Three stories of amazing acts of forgiveness

Forgiveness can be the most difficult step in the search for resolution, but as these stories below show, it can also be the first step to peace—no matter how horrendous the circumstances. In honor of International Day of Peace, we share three amazing stories of forgiveness.

The prisoner who forgave her Nazi captor

Corrie Ten Boom, her sister, and her father were imprisoned in the concentration camps of Nazi-occupied Netherlands for harboring Jews. Ten Boom was the only member of her family to survive imprisonment. Decades later, she came face to face with one of her captors. Believing that forgiveness would allow her to rebuild her life, she embraced his hand and forgave.

The mother who forgave her son’s killer

Samereh Alinejad’s son Adbollah was stabbed to death in a street fight in Iran in 2007. Samereh had already lost one child years ago. The night before her son’s killer was to be executed, Samereh had a dream in which Abdollah had wished for forgiveness and decided to pardon the man.

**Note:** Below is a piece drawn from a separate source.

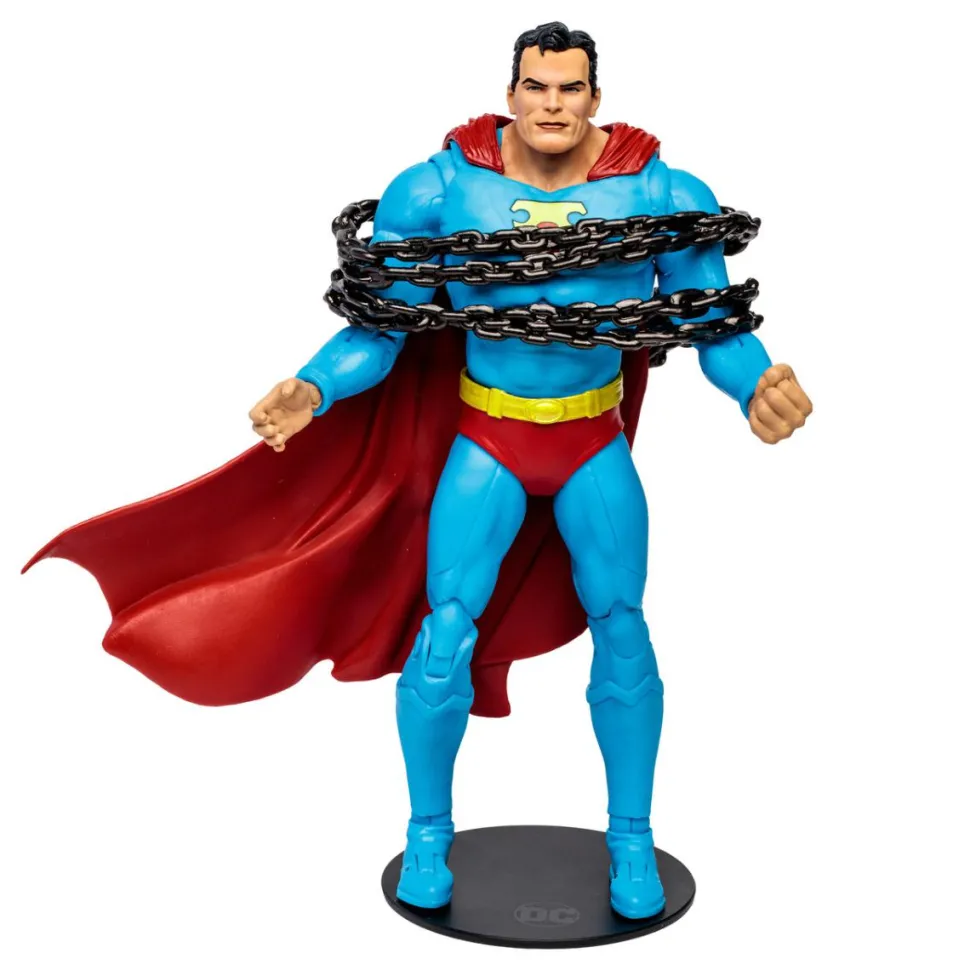 Superman - Superman (Action Comics #1) DC Multiverse McFarlane Collector Edition 7" Scale Action Figure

The Rwandan genocide survivor who forgave a Hutu militant that murdered her family

Immaculee Ilibagiza was forced into hiding during the Rwandan Genocide. She hid for three months in a tiny bathroom with seven other women, until the killing was over, only to discover that her entire family living in Rwanda had been killed by Hutu militants. Years later, Ilibagiza, a Tutsi, visited the prison where one of her family’s killers was incarcerated. She believed the rest of his life would be one of torment and regret. Taking pity on him, she offered all that she could by saying the unthinkable, “I forgive you.”